**Requirement**: No pictures, no extra lines: copy exactly from the line with "Android 6 Programming: Android" through the end of the entries.

**Source material**:
____
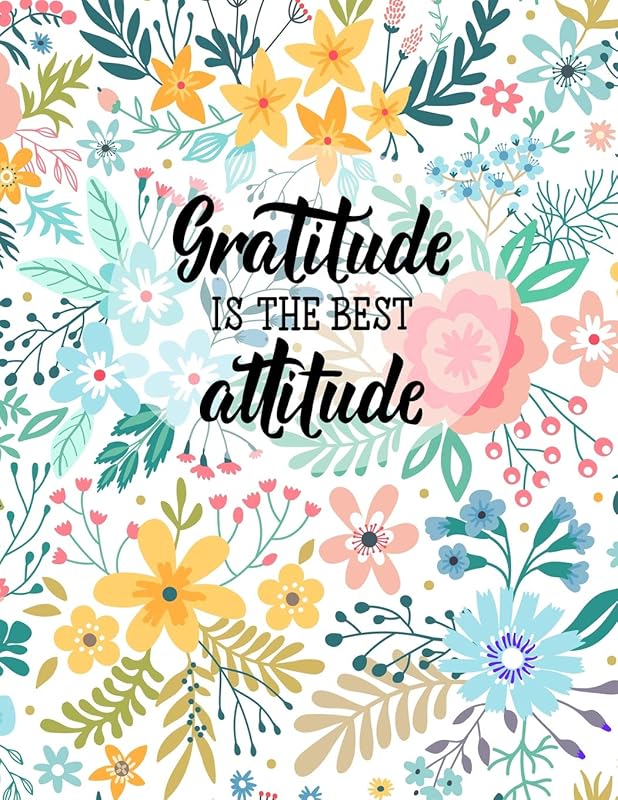 Gratitude is the best attitude: Start Good Days with 50days guide to cultivate an attitude of gratitude! by Mary Johnson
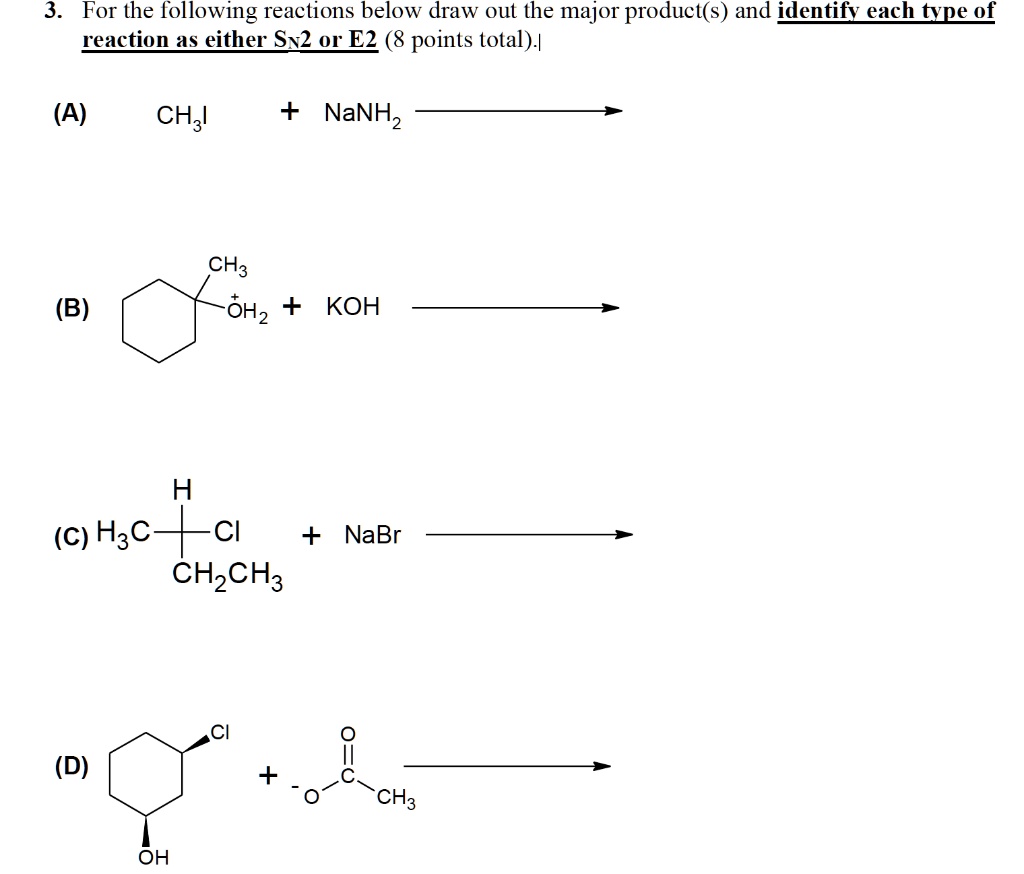 SOLVED: For The Following Reactions Below, Draw Out The Major Product(s ...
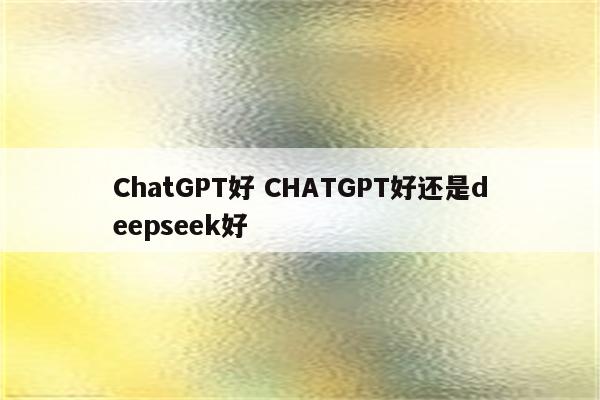 ChatGPT好 CHATGPT好还是deepseek好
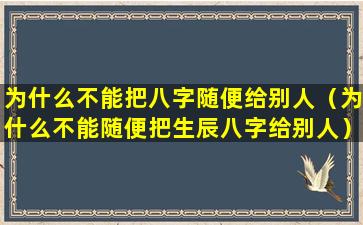 为什么不能把八字随便给别人（为什么不能随便把生辰八字给别人）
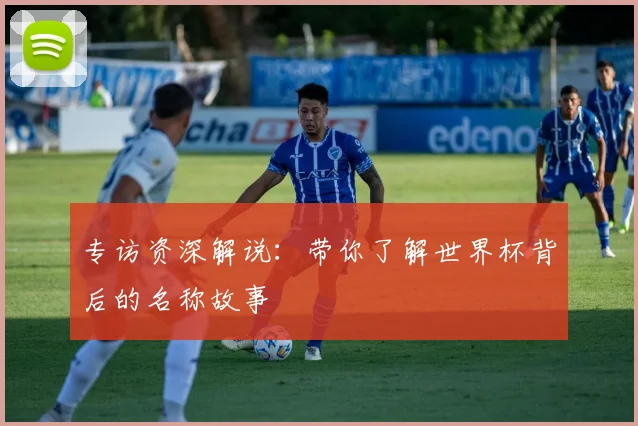 专访资深解说：带你了解世界杯背后的名称故事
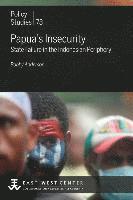 Bobby Anderson - Papua's Insecurity: State Failure in the Indonesian Periphery, Häftad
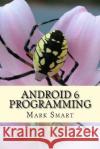 Android 6 Programming: Android Studio Development Guide Mark Smart 9781539380054 Createspace Independent Publishing Platform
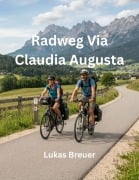 Cover-Bild zum Titel 'Radweg Via Claudia Augusta' von 'Lukas Breuer'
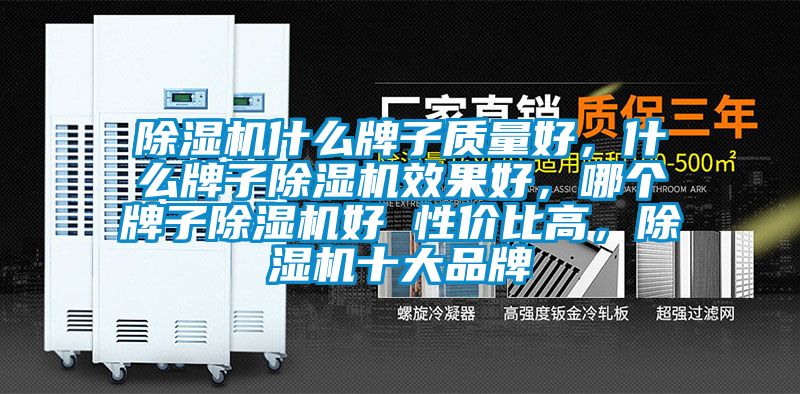 除濕機什么牌子質(zhì)量好，什么牌子除濕機效果好，哪個牌子除濕機好 性價比高，除濕機十大品牌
____
**Result for this task**:
 Android 6 Programming: Android Studio Development Guide Mark Smart 9781539380054 Createspace Independent Publishing Platform
 Cover-Bild zum Titel 'Radweg Via Claudia Augusta' von 'Lukas Breuer'
 除濕機什么牌子質(zhì)量好，什么牌子除濕機效果好，哪個牌子除濕機好 性價比高，除濕機十大品牌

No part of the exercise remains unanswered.